In general terms, if there was no choice but to choose one of the two, we could say that spinach is more nutritious than chard because it has a high content of vitamin A and folates. Although it is true that chard contains more iron and calcium than spinach, neither the difference is so significant nor the % absorbed is so high as to consider this an advantage of chard over spinach.
In any case, thanks to its vitamin A content, spinach promotes strong bones and teeth, good growth thanks to folates, and a strengthened immune system thanks to vitamin C. Spinach also has higher doses of vitamin E, the vitamin antioxidant par excellence capable of reducing free radicals and keeping our skin much younger.

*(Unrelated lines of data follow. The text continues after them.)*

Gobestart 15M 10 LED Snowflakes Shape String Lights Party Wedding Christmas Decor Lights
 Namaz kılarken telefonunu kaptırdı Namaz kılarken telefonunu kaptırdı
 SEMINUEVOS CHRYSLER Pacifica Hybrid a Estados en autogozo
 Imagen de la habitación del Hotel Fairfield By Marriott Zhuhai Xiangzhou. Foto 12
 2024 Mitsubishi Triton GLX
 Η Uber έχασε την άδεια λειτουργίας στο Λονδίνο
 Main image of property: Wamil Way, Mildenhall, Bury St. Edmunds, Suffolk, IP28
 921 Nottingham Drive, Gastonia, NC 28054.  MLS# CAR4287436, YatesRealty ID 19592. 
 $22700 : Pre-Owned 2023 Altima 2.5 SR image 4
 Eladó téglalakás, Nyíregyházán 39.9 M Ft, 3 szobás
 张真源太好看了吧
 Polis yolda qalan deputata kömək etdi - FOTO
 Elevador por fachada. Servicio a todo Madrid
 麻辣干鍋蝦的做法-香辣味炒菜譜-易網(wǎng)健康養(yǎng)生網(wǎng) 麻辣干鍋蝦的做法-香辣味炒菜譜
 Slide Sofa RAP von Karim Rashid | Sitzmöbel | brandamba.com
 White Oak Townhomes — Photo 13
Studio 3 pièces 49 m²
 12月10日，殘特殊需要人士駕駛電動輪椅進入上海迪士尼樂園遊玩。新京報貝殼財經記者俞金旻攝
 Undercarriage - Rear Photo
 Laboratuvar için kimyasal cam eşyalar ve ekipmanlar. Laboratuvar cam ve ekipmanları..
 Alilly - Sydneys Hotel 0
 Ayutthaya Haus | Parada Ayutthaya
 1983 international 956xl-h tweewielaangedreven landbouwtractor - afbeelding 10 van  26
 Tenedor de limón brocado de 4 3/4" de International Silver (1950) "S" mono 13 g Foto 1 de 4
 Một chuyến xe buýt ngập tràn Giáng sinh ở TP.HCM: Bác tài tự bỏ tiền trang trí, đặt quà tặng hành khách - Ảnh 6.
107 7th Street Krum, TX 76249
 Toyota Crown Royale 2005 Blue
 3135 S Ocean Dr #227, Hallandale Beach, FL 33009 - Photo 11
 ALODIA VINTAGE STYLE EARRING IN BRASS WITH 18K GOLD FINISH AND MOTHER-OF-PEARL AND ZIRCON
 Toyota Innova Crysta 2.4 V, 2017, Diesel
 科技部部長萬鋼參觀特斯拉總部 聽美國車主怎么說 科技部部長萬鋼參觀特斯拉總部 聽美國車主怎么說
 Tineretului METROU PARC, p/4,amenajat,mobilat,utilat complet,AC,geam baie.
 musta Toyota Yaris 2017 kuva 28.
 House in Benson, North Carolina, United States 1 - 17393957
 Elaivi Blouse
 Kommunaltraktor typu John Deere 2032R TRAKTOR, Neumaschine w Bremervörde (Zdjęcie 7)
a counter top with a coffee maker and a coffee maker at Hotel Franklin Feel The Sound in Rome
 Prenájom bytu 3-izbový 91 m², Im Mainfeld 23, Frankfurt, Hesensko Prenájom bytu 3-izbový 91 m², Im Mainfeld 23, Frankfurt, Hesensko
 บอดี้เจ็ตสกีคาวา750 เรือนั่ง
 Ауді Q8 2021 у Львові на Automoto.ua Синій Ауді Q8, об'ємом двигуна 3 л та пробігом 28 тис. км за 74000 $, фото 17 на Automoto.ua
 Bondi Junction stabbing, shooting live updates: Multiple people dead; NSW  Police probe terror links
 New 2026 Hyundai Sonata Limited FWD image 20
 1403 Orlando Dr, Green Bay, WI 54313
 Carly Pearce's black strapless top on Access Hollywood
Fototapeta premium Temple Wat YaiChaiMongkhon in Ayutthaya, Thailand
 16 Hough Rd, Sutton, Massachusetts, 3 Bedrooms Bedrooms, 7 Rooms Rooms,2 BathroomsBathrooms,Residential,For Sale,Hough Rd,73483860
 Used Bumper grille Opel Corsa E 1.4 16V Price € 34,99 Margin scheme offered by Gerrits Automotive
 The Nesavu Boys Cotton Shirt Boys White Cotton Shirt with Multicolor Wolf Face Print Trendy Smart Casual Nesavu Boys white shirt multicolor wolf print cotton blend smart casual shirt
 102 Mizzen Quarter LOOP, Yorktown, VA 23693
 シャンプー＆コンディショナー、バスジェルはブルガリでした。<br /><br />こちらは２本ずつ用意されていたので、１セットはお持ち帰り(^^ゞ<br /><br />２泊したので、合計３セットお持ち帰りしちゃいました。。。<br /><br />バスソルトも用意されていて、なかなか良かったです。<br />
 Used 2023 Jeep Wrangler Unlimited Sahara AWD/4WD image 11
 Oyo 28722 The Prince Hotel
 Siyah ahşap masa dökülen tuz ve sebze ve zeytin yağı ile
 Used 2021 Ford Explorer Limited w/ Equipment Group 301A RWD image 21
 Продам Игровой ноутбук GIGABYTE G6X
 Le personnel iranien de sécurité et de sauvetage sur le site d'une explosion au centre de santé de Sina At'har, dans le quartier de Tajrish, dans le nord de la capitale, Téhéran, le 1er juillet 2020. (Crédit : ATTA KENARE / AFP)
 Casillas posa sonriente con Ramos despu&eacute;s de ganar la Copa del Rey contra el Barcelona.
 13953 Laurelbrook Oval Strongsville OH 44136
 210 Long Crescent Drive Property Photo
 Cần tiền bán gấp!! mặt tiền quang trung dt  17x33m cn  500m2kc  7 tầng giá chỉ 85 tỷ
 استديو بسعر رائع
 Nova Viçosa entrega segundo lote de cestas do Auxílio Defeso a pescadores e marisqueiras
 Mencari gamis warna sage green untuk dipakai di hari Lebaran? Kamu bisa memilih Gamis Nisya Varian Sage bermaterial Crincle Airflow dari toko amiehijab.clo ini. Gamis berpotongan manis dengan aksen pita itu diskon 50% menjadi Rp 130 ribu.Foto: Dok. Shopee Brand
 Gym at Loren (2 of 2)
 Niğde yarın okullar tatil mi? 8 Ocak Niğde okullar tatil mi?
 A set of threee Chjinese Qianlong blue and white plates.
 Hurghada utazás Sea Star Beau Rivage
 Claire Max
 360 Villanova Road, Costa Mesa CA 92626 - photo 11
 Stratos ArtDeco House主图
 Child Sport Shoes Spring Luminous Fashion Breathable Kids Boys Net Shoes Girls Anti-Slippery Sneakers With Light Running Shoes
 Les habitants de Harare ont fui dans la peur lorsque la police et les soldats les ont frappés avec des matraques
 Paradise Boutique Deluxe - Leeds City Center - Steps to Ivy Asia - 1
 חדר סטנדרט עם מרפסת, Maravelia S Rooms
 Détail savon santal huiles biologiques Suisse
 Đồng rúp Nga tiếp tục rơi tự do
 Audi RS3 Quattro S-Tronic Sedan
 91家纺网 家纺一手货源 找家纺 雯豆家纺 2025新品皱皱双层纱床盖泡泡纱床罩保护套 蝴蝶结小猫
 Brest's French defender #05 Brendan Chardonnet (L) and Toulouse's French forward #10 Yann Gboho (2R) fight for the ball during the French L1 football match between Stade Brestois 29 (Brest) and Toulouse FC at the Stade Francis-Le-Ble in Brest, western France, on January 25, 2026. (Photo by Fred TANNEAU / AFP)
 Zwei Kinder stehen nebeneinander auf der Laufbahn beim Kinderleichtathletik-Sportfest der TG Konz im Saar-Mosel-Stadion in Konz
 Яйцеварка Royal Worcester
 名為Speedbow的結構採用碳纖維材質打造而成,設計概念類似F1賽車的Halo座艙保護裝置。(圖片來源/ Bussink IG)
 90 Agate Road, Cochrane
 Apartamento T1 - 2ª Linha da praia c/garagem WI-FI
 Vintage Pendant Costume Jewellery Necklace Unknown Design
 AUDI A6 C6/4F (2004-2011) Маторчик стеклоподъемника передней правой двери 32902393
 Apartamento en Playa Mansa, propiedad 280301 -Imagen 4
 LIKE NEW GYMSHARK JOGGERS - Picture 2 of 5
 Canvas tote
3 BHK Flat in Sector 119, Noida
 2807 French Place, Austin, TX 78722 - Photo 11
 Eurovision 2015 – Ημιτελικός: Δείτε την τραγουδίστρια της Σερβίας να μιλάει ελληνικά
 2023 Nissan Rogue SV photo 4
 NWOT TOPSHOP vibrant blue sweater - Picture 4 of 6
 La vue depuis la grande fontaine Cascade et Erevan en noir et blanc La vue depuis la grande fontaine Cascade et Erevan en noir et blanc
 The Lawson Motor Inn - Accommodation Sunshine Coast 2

In both cases, spinach and chard lose a certain amount of nutrients when cooked, for that reason we leave you this comparative table of their fresh and boiled version to resolve any questions.
Spinach | Chard | Boiled Spinach | Boiled Chard | |
Energy (kcal) | 31 | twenty-one | 22 | 29 |
Carbohydrates (g) | 1.2 | 2.7 | 1.94 | 4.37 |
Fats (g) | 0.3 | 0.2 | 0.49 | 0.39 |
Protein (g) | 2.6 | 2.1 | 2.39 | 1.9 |
Fiber (g) | 6.3 | 1 | 1.84 | 0.8 |
Iron % RDA | 22 – 50 | 12 – 28 | 11 – 26 | 14 – 32 |
Calcium % RDA | 7.5 | 6.6 | 3.86 | 6 |
Folates (B9) % RDA | 35 | 5.5 | 26.25 | 2.5 |
Vitamin A % RDA | 77 | 26.14 | 110 | 32 |
Niacin % RDA | 7 | 2 | 5.35 | 2.9 |
Vitamin C % RDA | 33 | 35 | 26 | fifteen |
Vitamin B1 % RDA | 8 | 7 | 8 | 5 |
Vitamin E % RDA | 13 | 0.2 | 9.6 | 0.2 |
Vitamin B6 % RDA | 12 | 6.6 | 11.33 | 5.3 |
*CDR: Recommended daily amount
How are spinach and chard alike?
Spinach and chard are two low-calorie vegetables, rich in fiber, minerals, and vitamins and soft to the palate. Although chard stands out for its iron and spinach for vitamin A, C, and folates, both vegetables are foods to include in our daily lives, whether through a chickpea stew with chard or a spinach omelet. Using the recipe book and always having a bag of one or the other frozen are great strategies to increase our daily vegetable consumption, which in Spain is still well below average.